デスクワークやリモートワークは言うに及ばず、外回りの営業や作業現場、工場内など、仕事のありとあらゆる場面で、パソコン、タブレット、スマートフォンなどの情報端末(VDT)が使われています。したがって、ディスプレーを凝視している時間が非常に長くなっています。そうすると目を酷使することになり、疲れ目、目の乾燥、かすみ、ぼやけなどの症状が出ます。いわゆる眼精疲労の状態となるわけですが、さらに悪化すると目の痛み、充血、視力低下というさらに深刻な症状が現れます。

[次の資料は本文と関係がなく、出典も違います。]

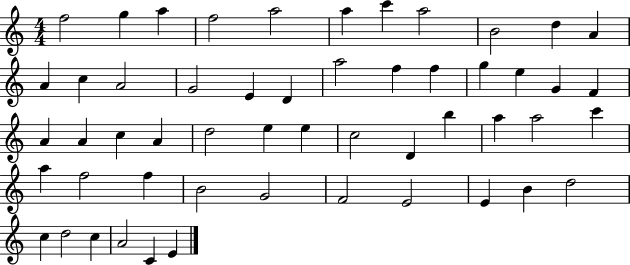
{
  \clef treble
  \numericTimeSignature
  \time 4/4
  \key c \major
  f''2 g''4 a''4 | f''2 a''2 | a''4 c'''4 a''2 | b'2 d''4 a'4 | \break a'4 c''4 a'2 | g'2 e'4 d'4 | a''2 f''4 f''4 | g''4 e''4 g'4 f'4 | \break a'4 a'4 c''4 a'4 | d''2 e''4 e''4 | c''2 d'4 b''4 | a''4 a''2 c'''4 | \break a''4 f''2 f''4 | b'2 g'2 | f'2 e'2 | e'4 b'4 d''2 | \break c''4 d''2 c''4 | a'2 c'4 e'4 | \bar "|."
}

情報端末を凝視し続けることが原因と思われ、情報端末症候群と呼ばれています。特にディスプレーを凝視し続けると、瞬きの回数が減り、涙が乾燥しやすくなり、目の表面が傷ついて、目の痛み、ゴロゴロ感が出ることもあります。
眼精疲労は目を休めることができれば、いずれ回復するのですが、仕事となれば、なかなか休めることができず、勤務時間中、ずっとディスプレーとにらめっこということになりかねません。さらに、仕事以外でもメール、LINEなどで連絡を取り合ったり、動画視聴や通販などを利用したりして、結局、ディスプレーを一日中見続けている人も多いようです。
そうなると疲労は蓄積し、全身に影響が出るようになります。頭痛、肩こり、めまい、吐き気、さらに高血圧など身体的症状や、倦怠感、イライラ、不安、不眠、抑うつといった精神的症状が現れます。こうした症状は眼精疲労とは印象として結び付きにくいので、気が付かずに不調を抱えている場合も考えられます。
情報端末症候群の予防としては、とにかく、しばしば目を休めて、連続して凝視しないように心掛けることです。目を休めるときは、手元を見ないで、なるべく6mぐらい遠くのものをぼやーっと眺めることです。時間は20秒ぐらいで十分といわれています。
また、目の疲れを取るために、温かいタオルなどを目元に当てることも効果があります。疲れ目用の目薬もあります。特に目の乾燥を防ぐには効果的でしょう。
それでも症状が取れない、出やすいといった場合、眼鏡やコンタクトをつけている人は、それを調整し直す必要があります。老眼を放置しているのもよくありません。全身症状を伴っている場合は、眼科の先生に一度相談してみてください。